The clinical use of CMR is increasingly growing due to its ability to confirm MI and accurately categorize patients according to the contemporary definition of MINOCA [21]. Furthermore, CMR is a noninvasive technique and can precisely differentiate MI from other conditions including myocarditis and various cardiomyopathies, which significantly enhances patient diagnosis, personalized treatment pathways, and assessment of prognosis. In our study, CMR showed high rate of ischemic LGE (70%), which is similar to the results previously reported in the MINOCA population (77.5%) [15]. In addition, in this prospective study, OCT provided clear substrate for AMI in all coronaries supplying the infarct-related region as confirmed by CMR. Our results demonstrated that high-risk lesions identified by OCT might indicate atherosclerosis as an underlying factor of AMI confirmed by CMR in the MINOCA population.

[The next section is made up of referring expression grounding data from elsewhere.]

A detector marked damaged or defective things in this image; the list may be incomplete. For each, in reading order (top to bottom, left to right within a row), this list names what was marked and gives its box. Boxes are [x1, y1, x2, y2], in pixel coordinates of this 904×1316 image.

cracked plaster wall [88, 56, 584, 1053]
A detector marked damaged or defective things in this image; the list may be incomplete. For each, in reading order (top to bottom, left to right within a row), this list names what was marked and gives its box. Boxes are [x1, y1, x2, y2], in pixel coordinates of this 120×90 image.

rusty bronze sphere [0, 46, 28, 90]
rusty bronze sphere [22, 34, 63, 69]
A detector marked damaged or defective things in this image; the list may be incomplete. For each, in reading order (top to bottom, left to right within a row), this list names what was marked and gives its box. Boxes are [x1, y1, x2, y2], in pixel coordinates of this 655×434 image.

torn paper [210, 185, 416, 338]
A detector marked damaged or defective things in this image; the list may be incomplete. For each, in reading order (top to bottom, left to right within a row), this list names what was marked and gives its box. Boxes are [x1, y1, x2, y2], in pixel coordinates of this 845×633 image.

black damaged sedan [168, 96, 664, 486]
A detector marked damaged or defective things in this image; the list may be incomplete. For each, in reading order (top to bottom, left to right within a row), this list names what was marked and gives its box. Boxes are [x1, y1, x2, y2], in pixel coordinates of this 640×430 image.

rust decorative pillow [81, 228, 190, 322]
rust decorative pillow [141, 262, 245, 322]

There is a paucity of data on recommended secondary prevention therapies for patients with MINOCA [1,3,22]. Guidelines stress the need for individualized treatment based on the underlying mechanism of MINOCA [21]. A recent, large, retrospective study demonstrated that use of statins, ACEI/ARB and beta blockers was associated with a reduction in the adverse events rate [23]. In our study, all patient received b-blockers and statins and in a majority of cases, ACEI/ARB were prescribed upon discharge. Furthermore, it needs to be stressed that randomized trials investigating secondary prevention in MINOCA setting are of utmost clinical importance, especially when considering the uncertainty regarding underlying pathophysiological mechanisms and the large number of patients with adverse long-term prognosis.

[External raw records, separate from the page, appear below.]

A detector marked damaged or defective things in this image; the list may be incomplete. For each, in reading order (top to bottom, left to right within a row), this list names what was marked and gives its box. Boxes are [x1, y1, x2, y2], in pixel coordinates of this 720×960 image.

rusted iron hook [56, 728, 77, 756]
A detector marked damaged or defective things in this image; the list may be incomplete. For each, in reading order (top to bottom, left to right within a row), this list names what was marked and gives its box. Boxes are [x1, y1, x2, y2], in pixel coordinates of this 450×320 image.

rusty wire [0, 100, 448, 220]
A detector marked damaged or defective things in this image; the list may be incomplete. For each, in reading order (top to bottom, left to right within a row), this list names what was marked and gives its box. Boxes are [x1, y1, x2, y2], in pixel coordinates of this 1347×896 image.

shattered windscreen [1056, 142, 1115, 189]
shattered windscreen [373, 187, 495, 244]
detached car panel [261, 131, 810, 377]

The major finding of this study is fact that combination of CMR and OCT provides a clear substrate and/or diagnosis in all patients with MINOCA. Therefore, the widespread adoption of the multimodality imaging can facilitate diagnostic process and allows the physicians to choose individualized treatment strategies, which might be challenging in daily practice in some regions due to limited CMR and OCT availability. In addition, providing patient with a definite diagnosis could also improve compliance with therapeutic strategies. However, whether combination of CMR and OCT-guided therapy may improve outcomes in patients presenting with a working diagnosis of MINOCA has to be further investigated in dedicated large randomized studies.

Study Limitations

This study has some important limitations that need to be stressed. First, this prospective, observational, single center pilot study included a small number of patients. Second, patient selection bias cannot be excluded as we were unable to enroll all eligible patients due to logistical problems. Third, OCT was not systematically performed during the initial coronary angiography. Finally, invasive physiological evaluation was not included in our research protocol.

5. Conclusions

In this pilot study, OCT coupled with CMR provided a clear substrate and/or diagnosis in all patients presenting with MINOCA, emphasizing the need for multimodality imaging for tailored treatment in this population.